Employment: Redundancy on Parental Leave

Sept. 14, 2020

An employer undertaking a restructuring /redundancy process must ensure the redundancy is genuine and that the process is procedurally fair. The threshold is even higher for justifiable termination in the case of an employee on parental leave.


Where an employee takes time off for parental leave, their workload is often covered temporarily by their co-workers. As a result, the employee is vulnerable to the observation that such arrangements could be made permanent at significant cost saving to the company (Ledger v Delmaine Fine Foods Ltd BC201460012).


The Parental Leave and Employment Protection Act 1987 (the Act) aims to mitigate this risk and creates a presumption that an employee’s position will be kept open for them to return to at the end of their parental leave.


Under section 49(1)(c) of the Act, an employer cannot terminate an employee’s employment during their absence on parental leave or during the period of 26 weeks from when they return to work. The employer may have a defence to this presumption in the case of a genuine redundancy.

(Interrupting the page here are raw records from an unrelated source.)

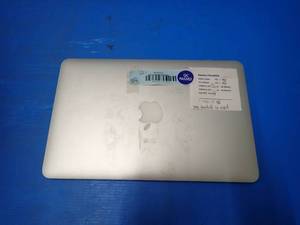 lot 32 image: Apple&nbspMacBookAir7,1 &nbspINTEL CORE I7-5650U 2.2 Ghz  8GB DDR3 SDRAM  NO HD  11.5 screen with 1366 x 768 Resolution  NO IOS  No Charger 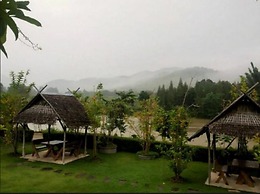 Lumphachi Lakehill Resort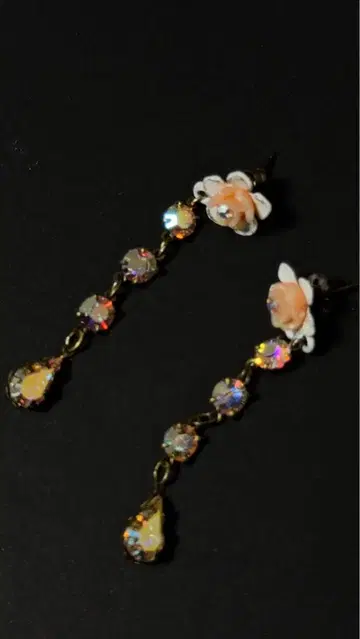 미하엘 네그린 꽃 모티브 크리스탈 드롭 귀걸이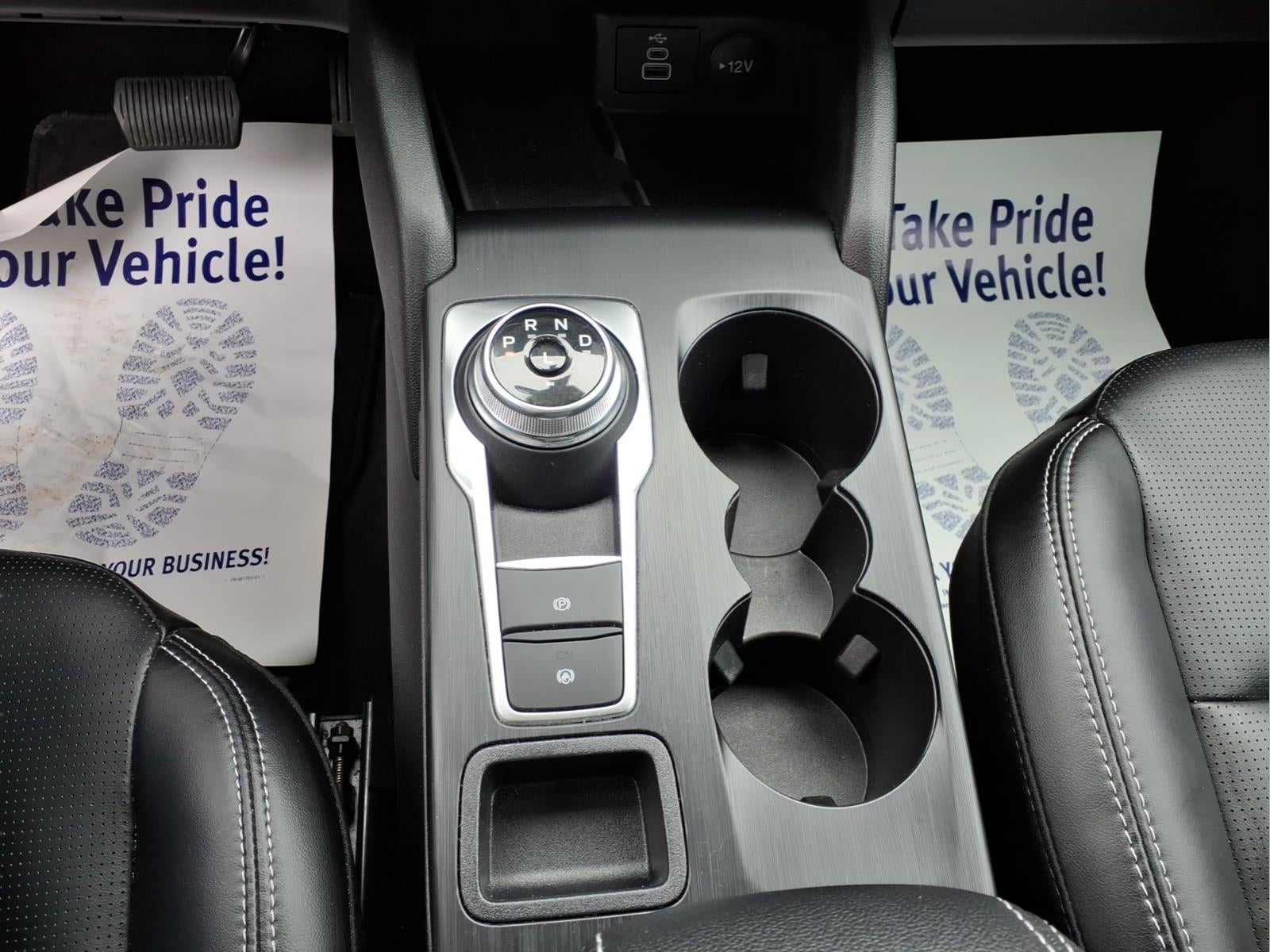 2025 Ford Escape Platinum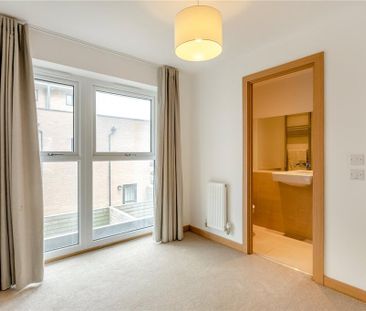 2 bedroom duplex to rent - Photo 3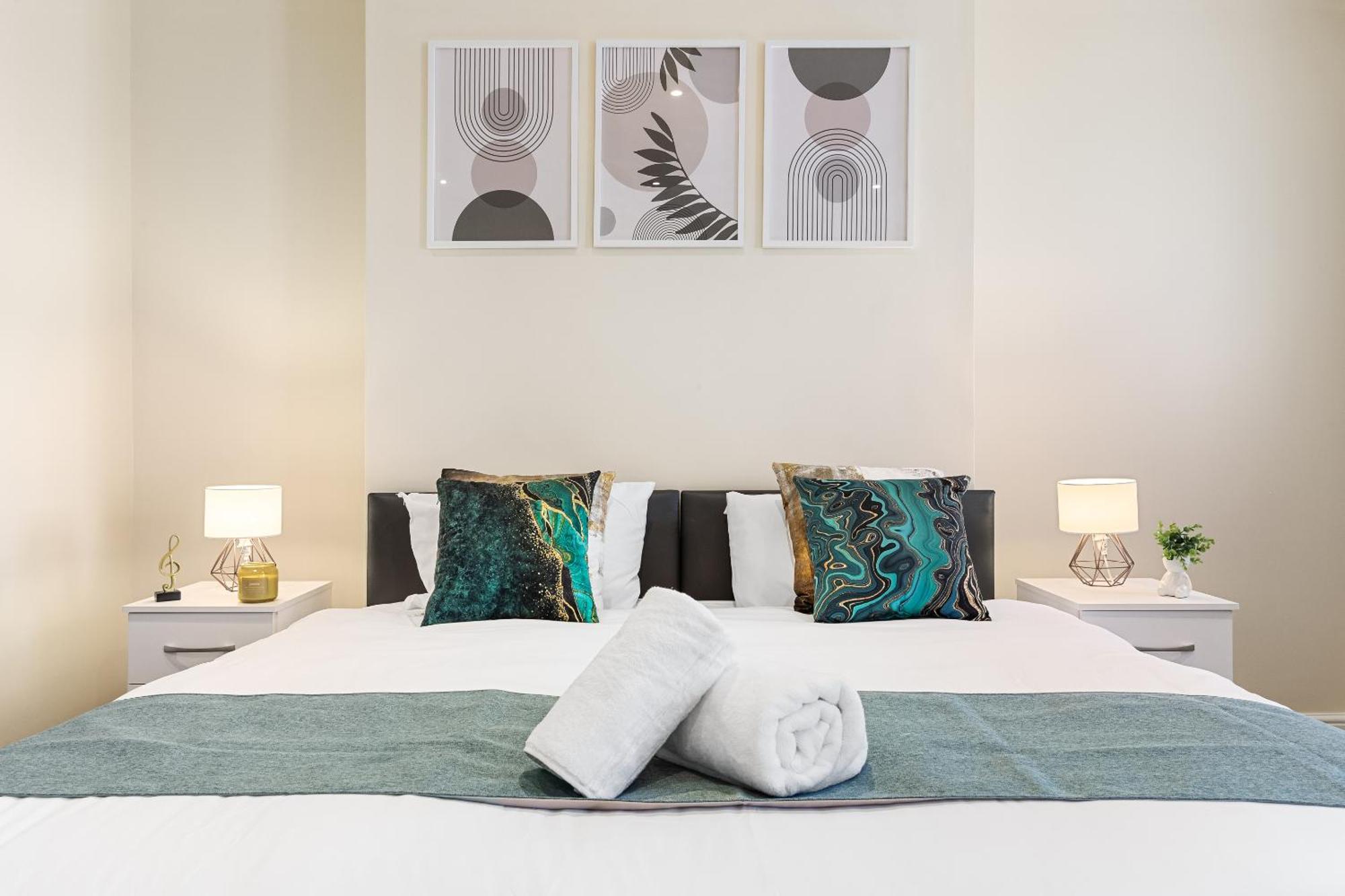 Elegant & Spacious 2br London Hideaway- King Bed, Sleeps 6 - Parking- Instant Book- 20 Percent Off Limited Time! Apartment Barnet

In order to for the defence to apply, the employer must show that:

  1. A redundancy situation occurred after the employer gave the employee notice that their position could be kept open; and

  2. There was no prospect of redeploying the employee to a substantially similar position; and

  3. Prior to the redundancy, the employer did not prejudicially affect the employee’s superannuation rights or seniority.


The employer must comply with the usual procedural fairness requirements. Extra steps may be necessary to ensure the employee on parental leave is actively involved in the redundancy consultation process in a meaningful way. Employers must ensure that they have been afforded the opportunity to engage with the process to a standard that is at least equal employees who are still in the workplace (Lewis v Greene [2004] 2 ERNZ 55).


These protections also apply to an employee in the 26 weeks following their return to work from parental leave. This is known as the ‘period of preference’, during which the employer must give preference to that employee over other applicants for any position that is substantially similar to the position the employee held at the beginning of their parental leave.



For additional information or to discuss your circumstances, contact our experienced employment lawyers on employment.law@becker.co.nz.


Nina Becker

Staff Solicitor


Disclaimer: The information contained in this article is general in nature and not tailored to your personal circumstances. It is only current as at the date posted and should not be relied upon as legal advice. If you require legal advice, please contact us for further assistance.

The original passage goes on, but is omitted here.